Abstract: Heterogeneous Multi-Processor System on Chips (HMPSoCs) combines different processors on a single chip. They enable powerful embedded devices, which increasingly perform Machine Learning (ML) inference at the edge. State-of-the-art HMPSoCs can perform on-chip embedded inference using their CPU, GPU, and integrated accelerators. The on-chip GPU in embedded devices is comparable in performance to CPU clusters, and efficient inference requires the cooperative utilization of these processors. Integrated accelerators, although operating with lower bit precision, significantly improve power efficiency at the expense of model accuracy.

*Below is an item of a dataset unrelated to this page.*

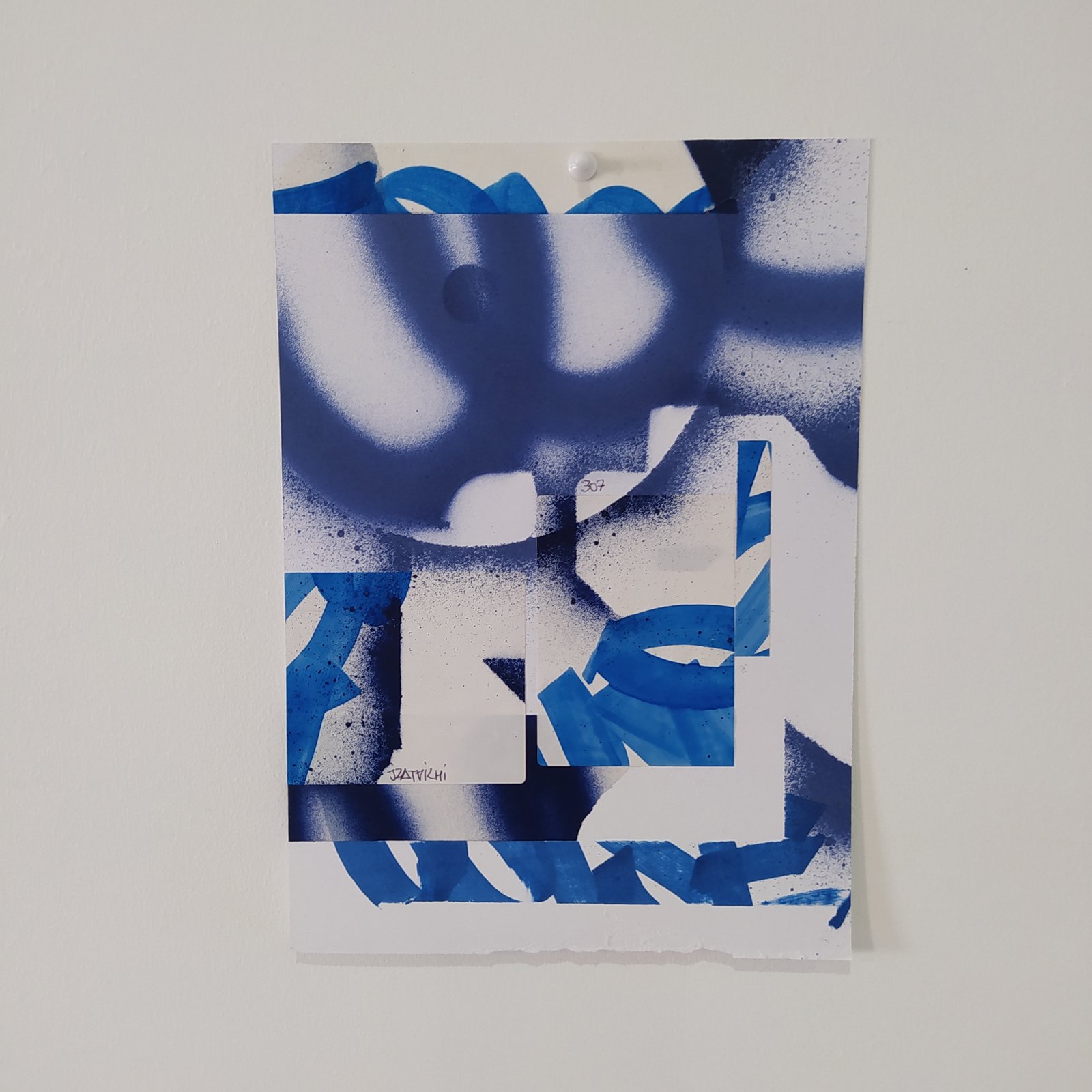 Collage abstrait A4 JZatoichi. Mélange de lettering, couleurs vives et textures papier. Œuvre unique, expédition rapide.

However, existing inference frameworks for edge devices typically utilize only a single processor type and lack the ability to use different processor types collaboratively. To this end,We design the ARM-COUP framework based on the ARM-CL framework. The ARM-COUP provides both parallel and serial utilization of different processor types. In parallel mode, it optimizes throughput(FPS) and energy efficiency by leveraging pipeline execution of network partitions for consecutive input data. While in serial mode, it improves inference latency and energy efficiency through layer-switch inference for each input data and layer-wise DVFS. It automates model graph partitioning and mapping, pipeline synchronization, processor type switching, layer-wise DVFS, and integration of new accelerators, even with closed-source libraries.